Europa vs democrazia

La democrazia sembra bisticciare con l’Europa, provocando guasti sia nelle vite nazionali che in quella dell’Unione. Non è una questione formale, da cultori della Costituzione o da puristi della sovranità popolare, è una questione sostanziale, da pragmatici. Se la si sottovaluta non c’è verso di dominare i mercati e la loro aggressività. Il problema non è solo quello del governo senza politici, incaricato di scelte eminentemente politiche, perché in quel caso, almeno, si salvano le forme. In altri casi neanche esistono.

Pensare che l’Unione europea possa sopravvivere alla sconfitta dell’euro è da illusi. Se soccombe, o comporta sudditanza degli uni agli altri, l’intero processo d’integrazione, avviato dopo la seconda guerra mondiale, va all’aria. Una posta così alta viene giocata ad un tavolo ove la sovranità popolare conta poco e nulla. Il default democratico precede e propizia quello economico.

Ciò accade perché le scelte dei governanti che si trovano in una condizione più forte, intendendosi per tale il potere adagiarsi sulla richiesta che i trattati siano onorati anziché cambiati, si riflettono immediatamente e decisivamente sugli interessi di tutti i popoli europei. Ma chi li ha eletti? Solo una ristretta base nazionale, che non rappresenta affatto gli interessi collettivi (e che, per giunta, annuncia di volerli mandare via).

In tempi di vacche grasse s’è tentato di ovviare a questo deficit democratico con due finzioni: a. il Parlamento europeo; b. i partiti europei. Il primo è irrilevante, le sue scelte sono insignificanti, al punto che in ciascun Paese ci si dimentica anche di chi siano i propri parlamentari. I secondi sono delle prese in giro. Per rendersene conto basterà porre mente al fatto che Berlusconi, Merkel e Sarkozy sarebbero nello stesso partito, come anche Rajoy, eppure si sono fregati a vicenda. Ciò capita perché rappresentano interessi nazionali diversi, contrastanti e male interpretati. Il comune partito è una bugia, un niente. Farei volentieri governare l’Unione, ad esempio, a uno come Tony Blair, il più capace politico europeo della generazione post guerra fredda, pur trovandosi egli in un partito europeo che in Italia raccoglie i fossili comunisti.

Non esistendo, pertanto, una democrazia europea, i conflitti si gestiscono fra capi di stato e il consenso si cerca ciascuno a casa propria. Ma anche questo provoca guasti enormi. Corrado Clini, nuovo ministro dell’ambiente, s’è lasciato sfuggire quel che pensa, sul nucleare.
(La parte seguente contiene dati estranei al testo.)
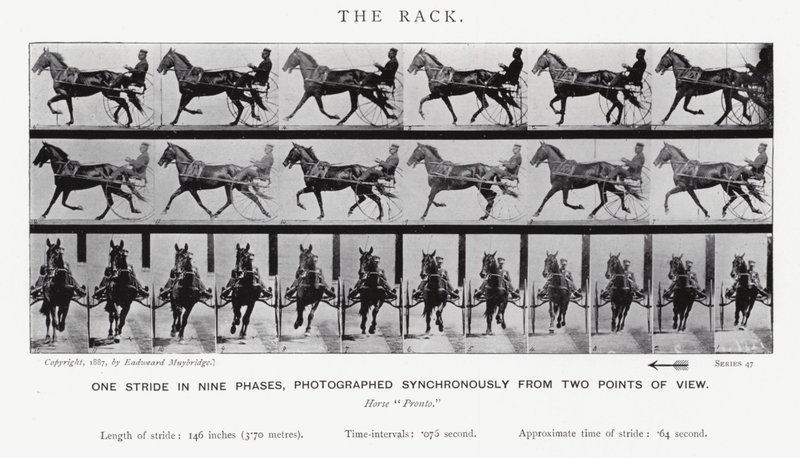 Eadweard Muybridge: The Rack (صورة b / w) بواسطة ايدويرد مويبريدج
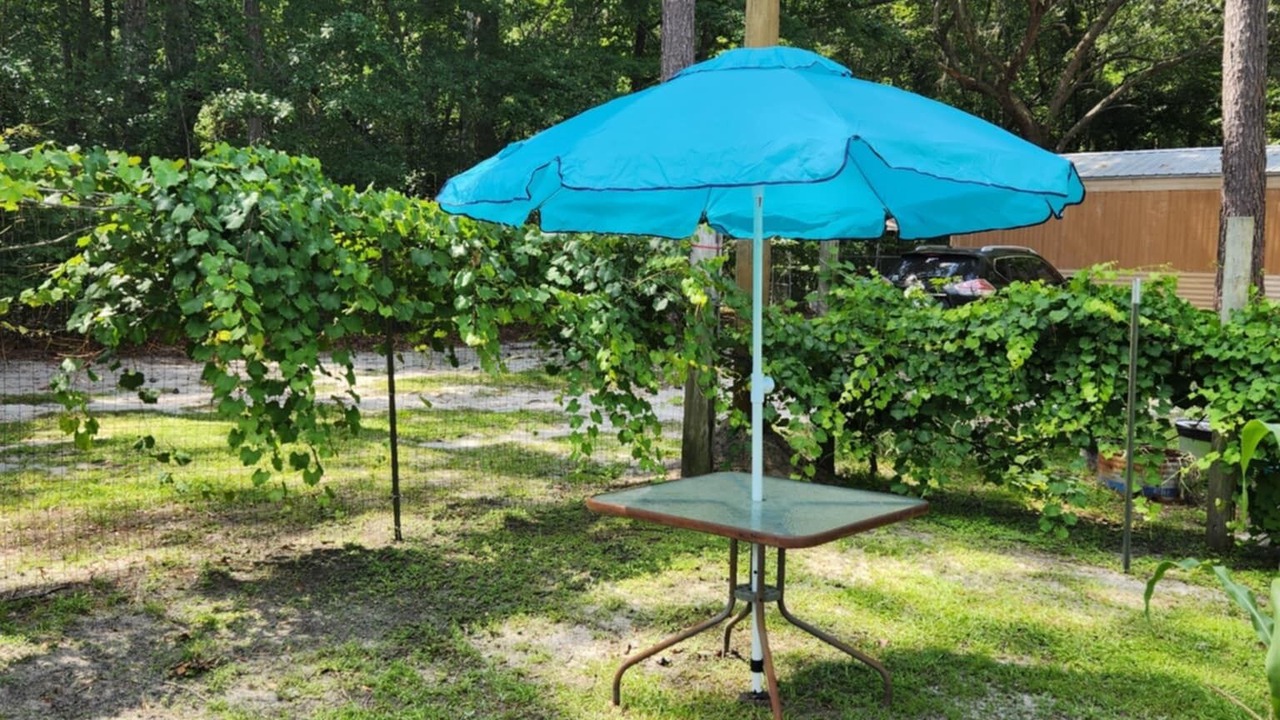 Photo of Outdoor in Colleton County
Ha totalmente ragione. Sta di fatto, però, che ripetuti referendum ci hanno dato torto. Diciamo che gli italiani hanno votato tutti contro il nucleare, tranne quelli che non sono andati a votare. Lo trovo demenziale, ma è così. Solo che c’è un problema: come si fa a competere in ambito europeo e, soprattutto, come si fa a rispettare i trattati internazionali sull’inquinamento, senza utilizzare la fonte energetica meno inquinante che esista? Non si può. Scaricare in un ambito troppo piccolo le scelte relative a competizioni più grandi, allora, non è democrazia, ma inganno e autolesionismo.
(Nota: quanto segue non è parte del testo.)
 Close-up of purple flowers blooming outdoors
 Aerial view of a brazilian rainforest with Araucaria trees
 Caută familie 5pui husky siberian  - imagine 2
Nel suo discorso programmatico Mario Monti s’è tenuto lontano da temi difficili. Dire che si devono chiudere le province è facile: tutti lo ripetono e nessuno lo fa. Il problema è chiudere le municipalizzate, privatizzando e liberalizzando. Anche in questo caso sono in molti a ripeterlo, salvo il fatto che s’è appena celebrato un altro referendum deficiente, che, a furor di popolo, ha sancito che le acque debbano essere amministrate dai politici e dai loro nominati, solitamente incapaci e trombati. Decisione folle, che mi permetto di definire tale proprio perché il mio voto finì in un’infima minoranza, quindi so bene come la pensano (quasi) tutti gli altri. Ma ora che si deve far cassa e non si possono fare investimenti la bolletta aumenterà e nessuno farà nuove condutture. Evviva. Ciò dimostra che chiamare a referendum la gente senza offrire gli strumenti per conoscere e ragionare non è democrazia, ma demagogia.

Alla luce di ciò, il governo composto da chi non è mai stato votato è quasi un dettaglio secondario, tanto più che viene sostenuto da chi è stato votato, ma ha perso la fiducia degli elettori. Solo che alimenta un’illusione, quella secondo cui si possa scegliere senza risponderne, si possa governare senza conflitto, possa esserci democrazia senza l’arte di convincere gli altri a far la cosa che si ritiene giusta. Che si possa vivere senza politica, il che è possibile solo laddove la politica è padrona di tutto: nelle dittature.